Scraped caption text data:
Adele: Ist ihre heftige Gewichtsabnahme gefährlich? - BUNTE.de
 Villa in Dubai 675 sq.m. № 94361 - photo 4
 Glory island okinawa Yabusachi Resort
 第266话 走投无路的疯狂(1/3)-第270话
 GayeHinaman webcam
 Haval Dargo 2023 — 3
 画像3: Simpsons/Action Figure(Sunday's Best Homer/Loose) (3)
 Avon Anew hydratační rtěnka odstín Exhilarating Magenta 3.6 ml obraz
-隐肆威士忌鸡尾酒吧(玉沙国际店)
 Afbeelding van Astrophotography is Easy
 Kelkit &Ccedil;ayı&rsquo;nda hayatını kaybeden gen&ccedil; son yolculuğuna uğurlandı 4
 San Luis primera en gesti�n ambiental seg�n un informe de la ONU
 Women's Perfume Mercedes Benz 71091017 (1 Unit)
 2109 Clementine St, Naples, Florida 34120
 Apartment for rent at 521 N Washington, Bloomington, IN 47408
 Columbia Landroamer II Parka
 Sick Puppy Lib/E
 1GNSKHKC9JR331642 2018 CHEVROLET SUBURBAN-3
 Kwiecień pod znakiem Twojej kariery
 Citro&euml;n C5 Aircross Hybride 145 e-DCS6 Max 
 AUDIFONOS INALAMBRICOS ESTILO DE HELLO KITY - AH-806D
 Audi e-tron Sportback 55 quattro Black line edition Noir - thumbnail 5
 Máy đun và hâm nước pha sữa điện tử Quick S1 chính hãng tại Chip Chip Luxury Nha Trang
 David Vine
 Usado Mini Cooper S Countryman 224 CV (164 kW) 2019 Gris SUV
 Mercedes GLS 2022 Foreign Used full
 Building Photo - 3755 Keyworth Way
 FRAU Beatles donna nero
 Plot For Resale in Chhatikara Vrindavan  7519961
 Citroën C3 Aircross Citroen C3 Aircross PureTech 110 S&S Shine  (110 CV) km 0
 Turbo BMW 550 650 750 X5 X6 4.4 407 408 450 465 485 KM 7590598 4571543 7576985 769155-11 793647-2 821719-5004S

WORK REQUIRED: All of the records need to be transcribed exactly.

ANSWER SPACE:
Adele: Ist ihre heftige Gewichtsabnahme gefährlich? - BUNTE.de
 Villa in Dubai 675 sq.m. № 94361 - photo 4
 Glory island okinawa Yabusachi Resort
 第266话 走投无路的疯狂(1/3)-第270话
 GayeHinaman webcam
 Haval Dargo 2023 — 3
 画像3: Simpsons/Action Figure(Sunday's Best Homer/Loose) (3)
 Avon Anew hydratační rtěnka odstín Exhilarating Magenta 3.6 ml obraz
-隐肆威士忌鸡尾酒吧(玉沙国际店)
 Afbeelding van Astrophotography is Easy
 Kelkit &Ccedil;ayı&rsquo;nda hayatını kaybeden gen&ccedil; son yolculuğuna uğurlandı 4
 San Luis primera en gesti�n ambiental seg�n un informe de la ONU
 Women's Perfume Mercedes Benz 71091017 (1 Unit)
 2109 Clementine St, Naples, Florida 34120
 Apartment for rent at 521 N Washington, Bloomington, IN 47408
 Columbia Landroamer II Parka
 Sick Puppy Lib/E
 1GNSKHKC9JR331642 2018 CHEVROLET SUBURBAN-3
 Kwiecień pod znakiem Twojej kariery
 Citro&euml;n C5 Aircross Hybride 145 e-DCS6 Max 
 AUDIFONOS INALAMBRICOS ESTILO DE HELLO KITY - AH-806D
 Audi e-tron Sportback 55 quattro Black line edition Noir - thumbnail 5
 Máy đun và hâm nước pha sữa điện tử Quick S1 chính hãng tại Chip Chip Luxury Nha Trang
 David Vine
 Usado Mini Cooper S Countryman 224 CV (164 kW) 2019 Gris SUV
 Mercedes GLS 2022 Foreign Used full
 Building Photo - 3755 Keyworth Way
 FRAU Beatles donna nero
 Plot For Resale in Chhatikara Vrindavan  7519961
 Citroën C3 Aircross Citroen C3 Aircross PureTech 110 S&S Shine  (110 CV) km 0
 Turbo BMW 550 650 750 X5 X6 4.4 407 408 450 465 485 KM 7590598 4571543 7576985 769155-11 793647-2 821719-5004S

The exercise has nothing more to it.